Artistically, the episode was cinematic and daring. It discovered its name in a unique series of narratives, telling three sides of the same thirty days through three different perspectives —Lawrence’s, Molly’s and Issa’s — before colliding about midway through the episode.

Throughout those thirty days, the wheels fell off Lawrence and Aparna’s romance as his emotional baggage got in the way of the first good look he’s caught since Tasha, allowing him to feel threatened by his new partner’s friendship with her ex.

Molly spent those same thirty days flip flopping on whether to give Quentin, her modest-looking co-worker with a “pastor’s body,” a chance. She eventually does, and not a single limb quivered, nor was her back the least bit blown.

Issa’s thirty days were scored by the screech of tables turning on hardwood floors, as she’s now the ex without a spot to call her own. Atop those tables are plates of crow for everyone who had homeless jokes for #LawrenceHive at the start of the season.

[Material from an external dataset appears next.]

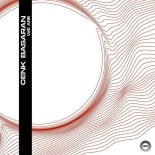 Cenk Basaran - We Are (Original Mix)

Deeper into the episode, though, the notion of claiming hives and tallying points felt a bit trite as the show’s two leads kept it all the way real with each other for what felt like the first time in eight hours and fifteen minutes of television thus far.

While the popular belief that Lawrence should somehow apologize for having been depressed always was and always will be troubling, the most notable event of the episode is when he does just that.

“Sometimes, I set these expectations for myself,” he explains in a turtleneck sweater unsettlingly similar to that of Carl Thomas on the cover of Emotional. “And I just shut down if they don’t go how I…” he trails off.

“I’m sorry for not being who you expected me to be—who I expected me to be.”

Photo: Justina Mintz/HBO
Photo: Justina Mintz/HBO

Issa responds with a confession of her own, breaking down something more than a handful of men who watch this show have always wondered—why was Lawrence’s unemployment such a sin it lead her to cheat?

“I wanted to be better for you—because of you,” she explained. “But somewhere along the way,  I depended on you to be better for both of us. And when you were going through what you were going through, I just didn’t know how to handle it.”

That moment, as draining as it is to see these two characters together in the same room at this point, felt like a pay off—one of the few times fanservice ever proved palatable to critical taste. But by the end of the episode, fans (who at times, have been accused of unfairly nitpicking the show) felt shortchanged by the rest of its storylines.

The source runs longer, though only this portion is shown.